Почти все время я находился в палате. Обстановка, да и сама ситуация, в которой я оказался, заставили меня задуматься о безвесности наших слов, нашего языка. Слова-образы. Они кружились передо мной словно астероиды в кольцах Сатурна. Новые и старые, услышанные где-то или придуманные мной, непонятные и простые — они ускользали от меня с одинаковой легкостью. А выстроить цепочку, сложить из этого хаотичного слововорота мысль, законченную, стройную, понятную любому дегенерату, казалось невозможным. Да и сейчас мне не всегда это под силу. Мысли всё больше походят на строительный мусор. На бетонные неровные куски с торчащей наружу арматурой, разбитые и раскуроченные так, что уже и не понять для чего они предназначались. Вдобавок мой скудный словарный запас да недостаток воображения никогда не дадут выразить все то отчаяние, весь страх и обречённость, овладевавшие мной в то время.

Время… Еще один призрак прошлого. Когда не видишь солнечного света, когда не замечаешь прихода ночи, когда перестаёшь понимать: спишь ты или бодрствуешь, когда дрёма и пробуждение проходят незаметно, когда перед глазами одна лишь Тьма — тогда и само время теряет смысл. Оно растягивается и сжимается в непостижимых пропорциях. Иногда мне казалось, что доктора приходят слишком часто, другой раз их не бывало целую вечность. Блаженную вечность.

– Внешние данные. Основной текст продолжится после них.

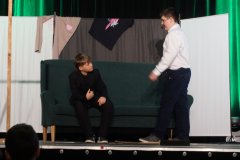 652335476_122149217630976698_4314745264557511680_n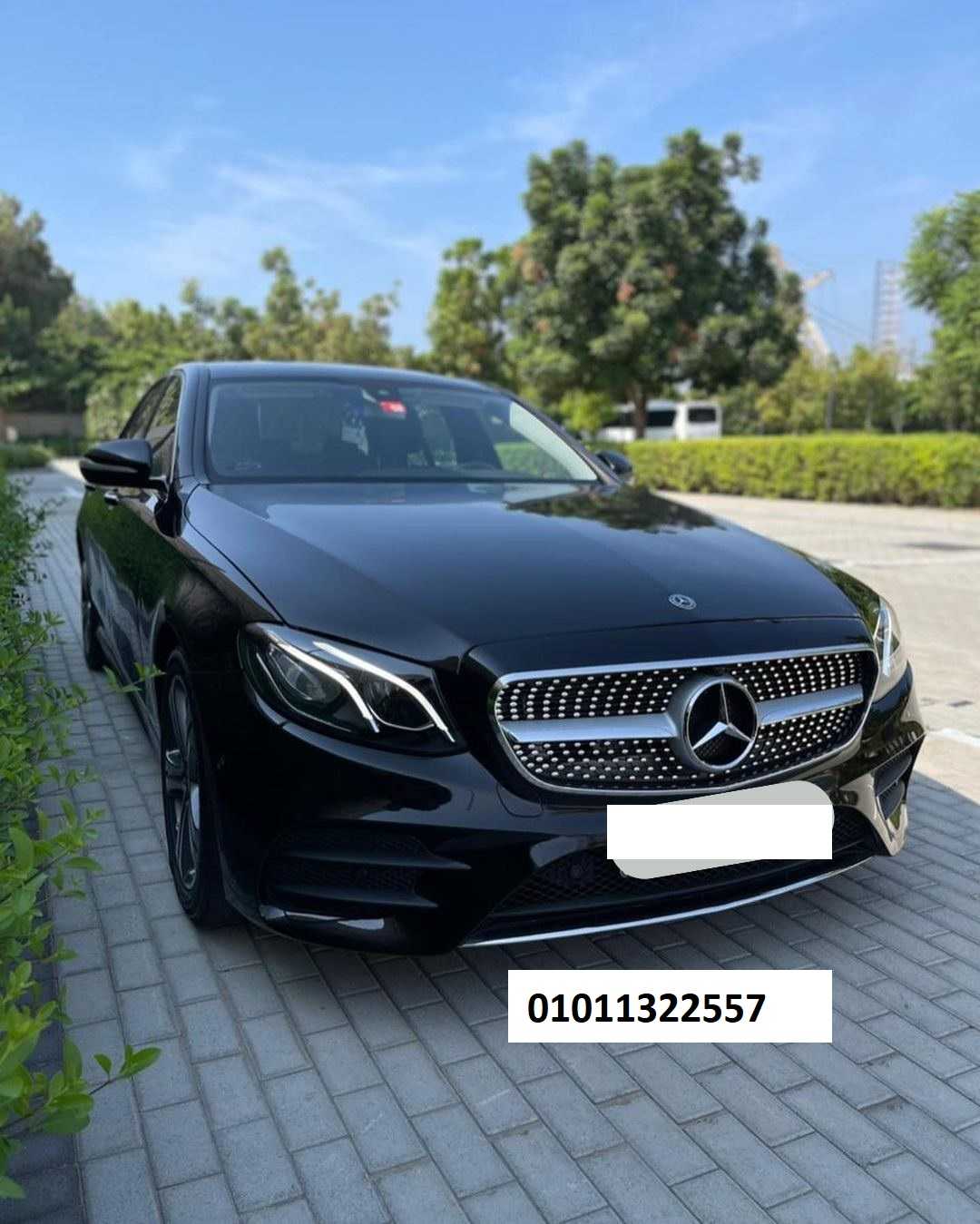 ايجار ليموزين,ايجار مرسيدس,ايجار حافلات 01011322557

Разум все больше подводит меня. Я уже почти ничего не помню из прошлого, лишь смутные отголоски да рубцы от шокирующих событий остались в памяти, а период изоляции и вовсе представляется сплошным чёрным пятном. Чёрные дни — чёрные ночи. Слово там — слово здесь. С врачом, с ассистентом, с сиделкой… Да, Леночка, моя сиделка… Как же стыдно мне за то, как я с ней обращался поначалу. Я почему-то приписал её к своре учёных, считал её заодно с ними. А она стала моей отдушиной. Мы разговаривали, болтали о всякой ерунде, жену то ко мне не пускали. Она рассказывала мне последние новости (как правило мрачные и неутешительные), читала Танины записки, и передавала ей мои ответы. А когда она уходила, я соскальзывал в страну моих снов, где я снова мог видеть.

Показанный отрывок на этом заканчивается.